• What you need to do
The answer must be the complete listing, reproduced exactly.

• Record set
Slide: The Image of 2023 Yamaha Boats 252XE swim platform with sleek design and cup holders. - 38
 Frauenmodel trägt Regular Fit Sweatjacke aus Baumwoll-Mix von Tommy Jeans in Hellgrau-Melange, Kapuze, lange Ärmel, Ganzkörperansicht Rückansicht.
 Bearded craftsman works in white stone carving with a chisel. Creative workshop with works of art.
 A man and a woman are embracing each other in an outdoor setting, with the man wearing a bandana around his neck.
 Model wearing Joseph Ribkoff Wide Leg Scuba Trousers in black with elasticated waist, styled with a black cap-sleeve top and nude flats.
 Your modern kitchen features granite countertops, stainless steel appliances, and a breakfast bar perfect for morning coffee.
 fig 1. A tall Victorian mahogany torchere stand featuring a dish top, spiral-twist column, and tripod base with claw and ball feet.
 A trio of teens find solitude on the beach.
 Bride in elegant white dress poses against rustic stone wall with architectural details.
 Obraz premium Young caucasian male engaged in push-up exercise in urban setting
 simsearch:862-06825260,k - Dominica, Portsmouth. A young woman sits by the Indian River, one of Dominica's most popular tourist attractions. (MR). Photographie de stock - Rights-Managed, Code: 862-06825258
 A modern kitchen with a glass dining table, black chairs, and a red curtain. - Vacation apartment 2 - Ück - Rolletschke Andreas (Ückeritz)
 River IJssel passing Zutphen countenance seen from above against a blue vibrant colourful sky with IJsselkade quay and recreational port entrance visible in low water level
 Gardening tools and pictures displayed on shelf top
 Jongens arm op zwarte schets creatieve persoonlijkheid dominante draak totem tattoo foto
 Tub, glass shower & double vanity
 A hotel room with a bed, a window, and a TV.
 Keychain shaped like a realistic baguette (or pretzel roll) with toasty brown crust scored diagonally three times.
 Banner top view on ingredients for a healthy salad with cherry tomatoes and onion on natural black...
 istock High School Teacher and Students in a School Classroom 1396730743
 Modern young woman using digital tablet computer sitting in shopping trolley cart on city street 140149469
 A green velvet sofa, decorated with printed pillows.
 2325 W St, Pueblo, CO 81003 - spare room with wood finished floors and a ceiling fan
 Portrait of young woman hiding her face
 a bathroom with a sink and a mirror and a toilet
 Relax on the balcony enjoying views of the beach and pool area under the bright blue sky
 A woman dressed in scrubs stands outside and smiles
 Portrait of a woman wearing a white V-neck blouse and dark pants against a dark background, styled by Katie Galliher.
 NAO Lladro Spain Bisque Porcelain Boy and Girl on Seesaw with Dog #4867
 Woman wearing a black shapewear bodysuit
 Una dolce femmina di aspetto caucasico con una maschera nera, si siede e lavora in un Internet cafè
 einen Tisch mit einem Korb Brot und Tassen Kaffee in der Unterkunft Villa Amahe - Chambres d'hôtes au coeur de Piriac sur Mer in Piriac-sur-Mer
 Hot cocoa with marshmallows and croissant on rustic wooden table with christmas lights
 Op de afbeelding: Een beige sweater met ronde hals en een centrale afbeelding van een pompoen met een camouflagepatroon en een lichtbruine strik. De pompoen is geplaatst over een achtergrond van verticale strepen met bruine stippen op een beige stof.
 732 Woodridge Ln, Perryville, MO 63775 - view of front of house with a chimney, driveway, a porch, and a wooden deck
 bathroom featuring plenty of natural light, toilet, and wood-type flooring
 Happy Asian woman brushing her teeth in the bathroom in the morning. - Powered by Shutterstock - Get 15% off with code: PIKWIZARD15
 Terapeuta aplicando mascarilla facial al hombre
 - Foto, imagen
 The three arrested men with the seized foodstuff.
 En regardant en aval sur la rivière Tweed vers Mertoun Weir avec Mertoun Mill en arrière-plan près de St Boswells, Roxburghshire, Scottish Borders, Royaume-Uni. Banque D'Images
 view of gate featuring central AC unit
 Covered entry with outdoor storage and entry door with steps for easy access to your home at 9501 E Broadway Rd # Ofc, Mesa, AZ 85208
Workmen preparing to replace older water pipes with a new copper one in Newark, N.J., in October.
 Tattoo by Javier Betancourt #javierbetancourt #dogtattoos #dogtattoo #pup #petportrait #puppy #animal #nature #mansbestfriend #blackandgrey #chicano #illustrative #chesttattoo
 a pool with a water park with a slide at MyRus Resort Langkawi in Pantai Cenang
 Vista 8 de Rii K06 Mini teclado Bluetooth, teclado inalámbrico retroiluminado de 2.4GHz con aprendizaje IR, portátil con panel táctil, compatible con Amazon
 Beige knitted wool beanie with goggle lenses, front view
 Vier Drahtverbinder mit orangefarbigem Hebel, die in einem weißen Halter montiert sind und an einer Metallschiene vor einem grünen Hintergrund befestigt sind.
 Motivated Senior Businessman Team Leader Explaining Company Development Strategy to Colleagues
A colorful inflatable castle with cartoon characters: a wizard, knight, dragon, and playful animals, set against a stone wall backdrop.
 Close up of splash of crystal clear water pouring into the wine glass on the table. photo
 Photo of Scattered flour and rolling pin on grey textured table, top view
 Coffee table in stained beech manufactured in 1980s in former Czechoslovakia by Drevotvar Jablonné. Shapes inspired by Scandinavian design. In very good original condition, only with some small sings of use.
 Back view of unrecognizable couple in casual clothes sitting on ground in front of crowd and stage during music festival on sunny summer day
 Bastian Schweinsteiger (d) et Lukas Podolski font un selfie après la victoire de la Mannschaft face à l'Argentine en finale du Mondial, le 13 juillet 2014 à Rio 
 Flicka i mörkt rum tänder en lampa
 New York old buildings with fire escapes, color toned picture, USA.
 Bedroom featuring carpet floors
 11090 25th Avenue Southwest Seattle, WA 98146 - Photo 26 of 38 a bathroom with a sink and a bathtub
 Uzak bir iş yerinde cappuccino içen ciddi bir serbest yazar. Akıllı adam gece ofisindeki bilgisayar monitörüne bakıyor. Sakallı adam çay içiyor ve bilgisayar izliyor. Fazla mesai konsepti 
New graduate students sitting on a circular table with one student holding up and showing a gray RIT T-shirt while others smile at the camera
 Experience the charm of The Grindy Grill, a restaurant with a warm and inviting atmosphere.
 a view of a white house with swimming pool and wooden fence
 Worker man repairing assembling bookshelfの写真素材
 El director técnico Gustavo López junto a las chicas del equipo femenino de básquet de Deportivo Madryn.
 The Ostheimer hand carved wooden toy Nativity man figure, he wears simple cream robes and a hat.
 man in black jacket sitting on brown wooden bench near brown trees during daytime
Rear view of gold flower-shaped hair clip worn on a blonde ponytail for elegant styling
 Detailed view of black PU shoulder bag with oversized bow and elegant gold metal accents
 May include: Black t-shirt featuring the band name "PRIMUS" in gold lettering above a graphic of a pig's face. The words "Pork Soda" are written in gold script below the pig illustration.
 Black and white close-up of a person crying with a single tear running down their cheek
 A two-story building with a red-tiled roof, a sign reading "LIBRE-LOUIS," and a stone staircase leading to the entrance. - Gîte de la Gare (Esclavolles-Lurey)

• Exercise response
Slide: The Image of 2023 Yamaha Boats 252XE swim platform with sleek design and cup holders. - 38
 Frauenmodel trägt Regular Fit Sweatjacke aus Baumwoll-Mix von Tommy Jeans in Hellgrau-Melange, Kapuze, lange Ärmel, Ganzkörperansicht Rückansicht.
 Bearded craftsman works in white stone carving with a chisel. Creative workshop with works of art.
 A man and a woman are embracing each other in an outdoor setting, with the man wearing a bandana around his neck.
 Model wearing Joseph Ribkoff Wide Leg Scuba Trousers in black with elasticated waist, styled with a black cap-sleeve top and nude flats.
 Your modern kitchen features granite countertops, stainless steel appliances, and a breakfast bar perfect for morning coffee.
 fig 1. A tall Victorian mahogany torchere stand featuring a dish top, spiral-twist column, and tripod base with claw and ball feet.
 A trio of teens find solitude on the beach.
 Bride in elegant white dress poses against rustic stone wall with architectural details.
 Obraz premium Young caucasian male engaged in push-up exercise in urban setting
 simsearch:862-06825260,k - Dominica, Portsmouth. A young woman sits by the Indian River, one of Dominica's most popular tourist attractions. (MR). Photographie de stock - Rights-Managed, Code: 862-06825258
 A modern kitchen with a glass dining table, black chairs, and a red curtain. - Vacation apartment 2 - Ück - Rolletschke Andreas (Ückeritz)
 River IJssel passing Zutphen countenance seen from above against a blue vibrant colourful sky with IJsselkade quay and recreational port entrance visible in low water level
 Gardening tools and pictures displayed on shelf top
 Jongens arm op zwarte schets creatieve persoonlijkheid dominante draak totem tattoo foto
 Tub, glass shower & double vanity
 A hotel room with a bed, a window, and a TV.
 Keychain shaped like a realistic baguette (or pretzel roll) with toasty brown crust scored diagonally three times.
 Banner top view on ingredients for a healthy salad with cherry tomatoes and onion on natural black...
 istock High School Teacher and Students in a School Classroom 1396730743
 Modern young woman using digital tablet computer sitting in shopping trolley cart on city street 140149469
 A green velvet sofa, decorated with printed pillows.
 2325 W St, Pueblo, CO 81003 - spare room with wood finished floors and a ceiling fan
 Portrait of young woman hiding her face
 a bathroom with a sink and a mirror and a toilet
 Relax on the balcony enjoying views of the beach and pool area under the bright blue sky
 A woman dressed in scrubs stands outside and smiles
 Portrait of a woman wearing a white V-neck blouse and dark pants against a dark background, styled by Katie Galliher.
 NAO Lladro Spain Bisque Porcelain Boy and Girl on Seesaw with Dog #4867
 Woman wearing a black shapewear bodysuit
 Una dolce femmina di aspetto caucasico con una maschera nera, si siede e lavora in un Internet cafè
 einen Tisch mit einem Korb Brot und Tassen Kaffee in der Unterkunft Villa Amahe - Chambres d'hôtes au coeur de Piriac sur Mer in Piriac-sur-Mer
 Hot cocoa with marshmallows and croissant on rustic wooden table with christmas lights
 Op de afbeelding: Een beige sweater met ronde hals en een centrale afbeelding van een pompoen met een camouflagepatroon en een lichtbruine strik. De pompoen is geplaatst over een achtergrond van verticale strepen met bruine stippen op een beige stof.
 732 Woodridge Ln, Perryville, MO 63775 - view of front of house with a chimney, driveway, a porch, and a wooden deck
 bathroom featuring plenty of natural light, toilet, and wood-type flooring
 Happy Asian woman brushing her teeth in the bathroom in the morning. - Powered by Shutterstock - Get 15% off with code: PIKWIZARD15
 Terapeuta aplicando mascarilla facial al hombre
 - Foto, imagen
 The three arrested men with the seized foodstuff.
 En regardant en aval sur la rivière Tweed vers Mertoun Weir avec Mertoun Mill en arrière-plan près de St Boswells, Roxburghshire, Scottish Borders, Royaume-Uni. Banque D'Images
 view of gate featuring central AC unit
 Covered entry with outdoor storage and entry door with steps for easy access to your home at 9501 E Broadway Rd # Ofc, Mesa, AZ 85208
Workmen preparing to replace older water pipes with a new copper one in Newark, N.J., in October.
 Tattoo by Javier Betancourt #javierbetancourt #dogtattoos #dogtattoo #pup #petportrait #puppy #animal #nature #mansbestfriend #blackandgrey #chicano #illustrative #chesttattoo
 a pool with a water park with a slide at MyRus Resort Langkawi in Pantai Cenang
 Vista 8 de Rii K06 Mini teclado Bluetooth, teclado inalámbrico retroiluminado de 2.4GHz con aprendizaje IR, portátil con panel táctil, compatible con Amazon
 Beige knitted wool beanie with goggle lenses, front view
 Vier Drahtverbinder mit orangefarbigem Hebel, die in einem weißen Halter montiert sind und an einer Metallschiene vor einem grünen Hintergrund befestigt sind.
 Motivated Senior Businessman Team Leader Explaining Company Development Strategy to Colleagues
A colorful inflatable castle with cartoon characters: a wizard, knight, dragon, and playful animals, set against a stone wall backdrop.
 Close up of splash of crystal clear water pouring into the wine glass on the table. photo
 Photo of Scattered flour and rolling pin on grey textured table, top view
 Coffee table in stained beech manufactured in 1980s in former Czechoslovakia by Drevotvar Jablonné. Shapes inspired by Scandinavian design. In very good original condition, only with some small sings of use.
 Back view of unrecognizable couple in casual clothes sitting on ground in front of crowd and stage during music festival on sunny summer day
 Bastian Schweinsteiger (d) et Lukas Podolski font un selfie après la victoire de la Mannschaft face à l'Argentine en finale du Mondial, le 13 juillet 2014 à Rio 
 Flicka i mörkt rum tänder en lampa
 New York old buildings with fire escapes, color toned picture, USA.
 Bedroom featuring carpet floors
 11090 25th Avenue Southwest Seattle, WA 98146 - Photo 26 of 38 a bathroom with a sink and a bathtub
 Uzak bir iş yerinde cappuccino içen ciddi bir serbest yazar. Akıllı adam gece ofisindeki bilgisayar monitörüne bakıyor. Sakallı adam çay içiyor ve bilgisayar izliyor. Fazla mesai konsepti 
New graduate students sitting on a circular table with one student holding up and showing a gray RIT T-shirt while others smile at the camera
 Experience the charm of The Grindy Grill, a restaurant with a warm and inviting atmosphere.
 a view of a white house with swimming pool and wooden fence
 Worker man repairing assembling bookshelfの写真素材
 El director técnico Gustavo López junto a las chicas del equipo femenino de básquet de Deportivo Madryn.
 The Ostheimer hand carved wooden toy Nativity man figure, he wears simple cream robes and a hat.
 man in black jacket sitting on brown wooden bench near brown trees during daytime
Rear view of gold flower-shaped hair clip worn on a blonde ponytail for elegant styling
 Detailed view of black PU shoulder bag with oversized bow and elegant gold metal accents
 May include: Black t-shirt featuring the band name "PRIMUS" in gold lettering above a graphic of a pig's face. The words "Pork Soda" are written in gold script below the pig illustration.
 Black and white close-up of a person crying with a single tear running down their cheek
 A two-story building with a red-tiled roof, a sign reading "LIBRE-LOUIS," and a stone staircase leading to the entrance. - Gîte de la Gare (Esclavolles-Lurey)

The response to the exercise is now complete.